With drawings by Pablo Picasso
Jean Tardieu’s poetry has an almost child-like simplicity, and in France his work is studied both in universities and in primary schools. Yet while he is a household name in France and has been translated into most European languages, his poetry remains little known in the English-speaking world, despite its immediacy and sense of fun.
Tardieu is a writer of enormous range, and his poetry addresses problems of experience and language central to modern literature, bringing lively wit and humour to bear upon an anguished interrogation of the world. His father was a successful painter and his mother an accomplished musician, and his fascination with the art of the writer on the one hand, and paintings and music on the other, is another constant presence in his work.

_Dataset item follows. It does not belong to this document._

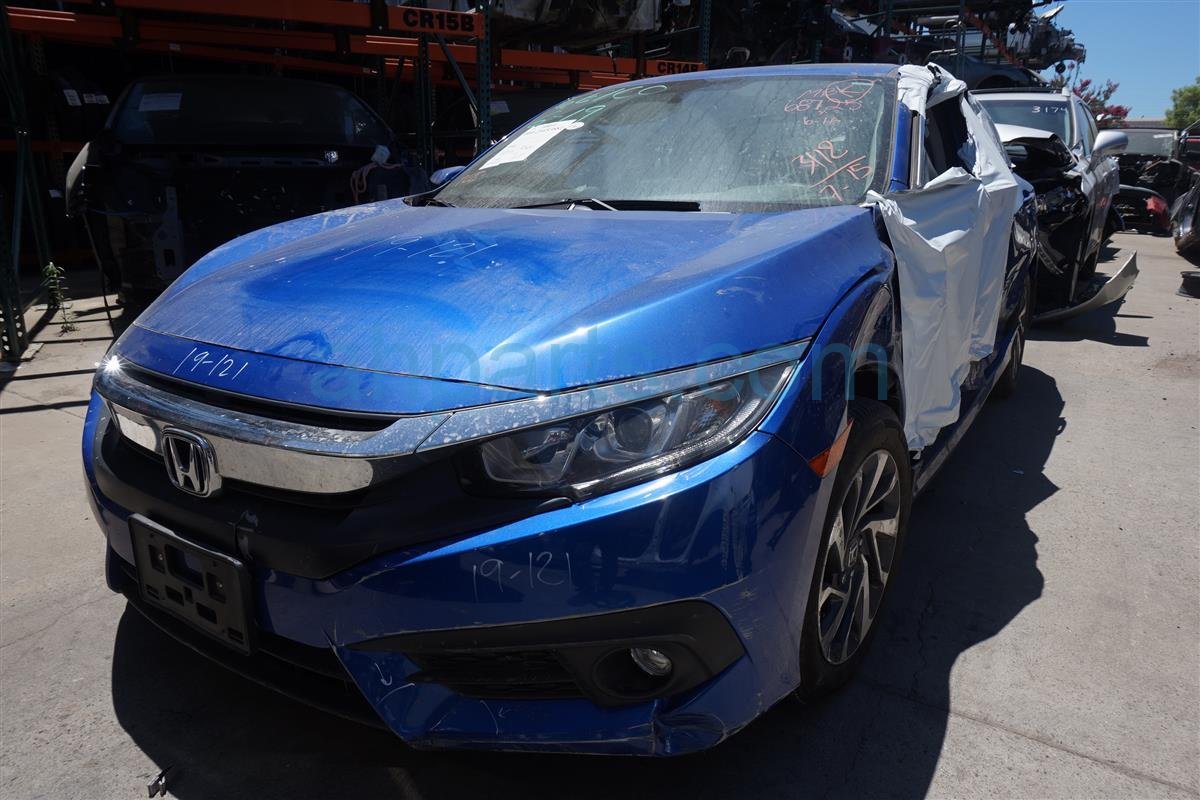 2016 Honda Civic Replacement Parts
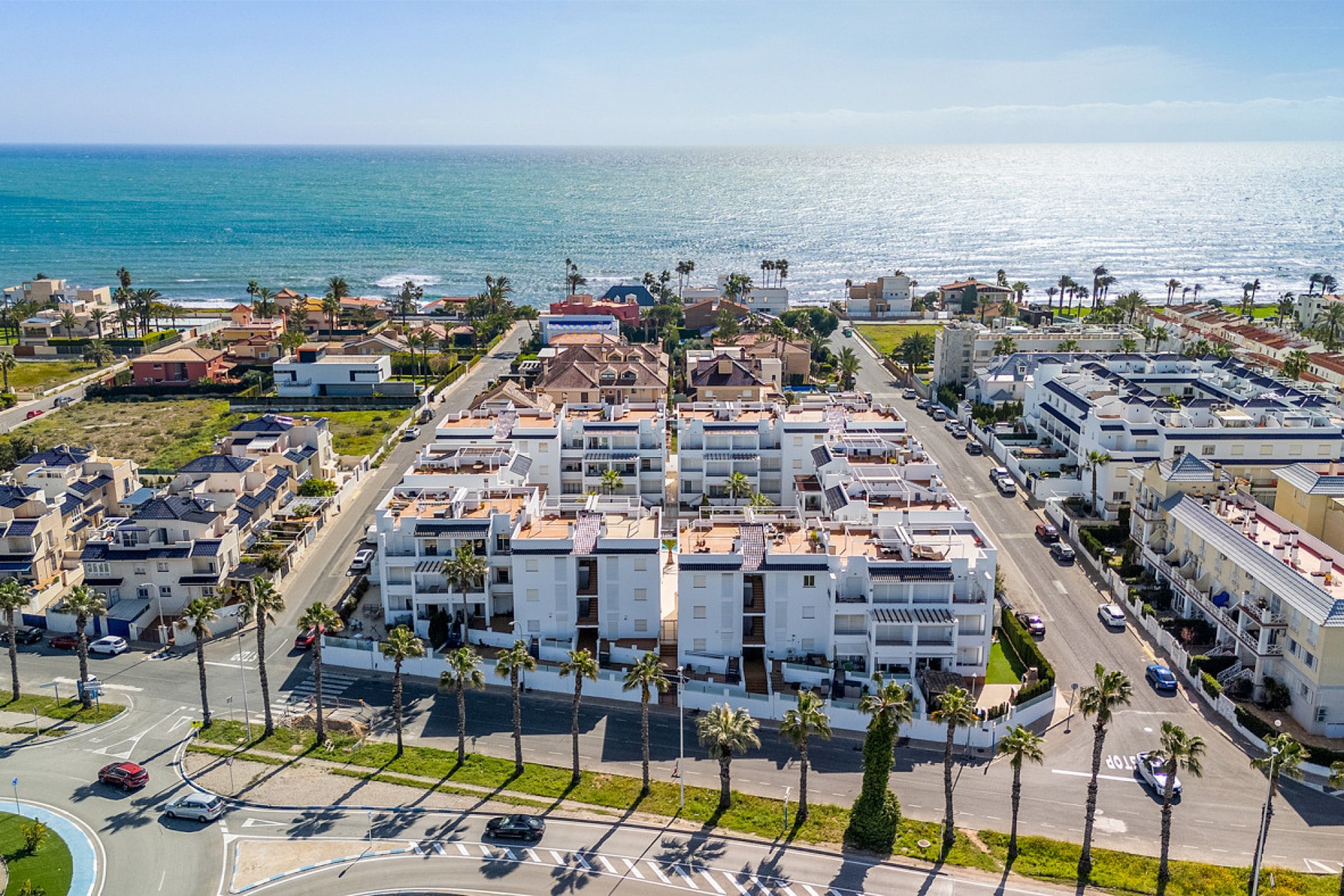 Brukt - Apartment -
Torrevieja - Costa Blanca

Tardieu was born in 1903, and this selection spans 80 years of his writing. In his early years the difﬁculties of writing lyric poetry in a schizophrenic age led him to a multiplication of poetic voices, and so to working for the stage, and he was writing what was subsequently dubbed Theatre of the Absurd before Beckett’s and Ionesco’s plays had ever been performed in public. He died in 1995.
This selection includes the sequence Space and the Flute (1958), which Tardieu wrote for drawings by his friend Pablo Picasso. Their poems and drawings are reproduced together in this edition.
Dual language French-English edition.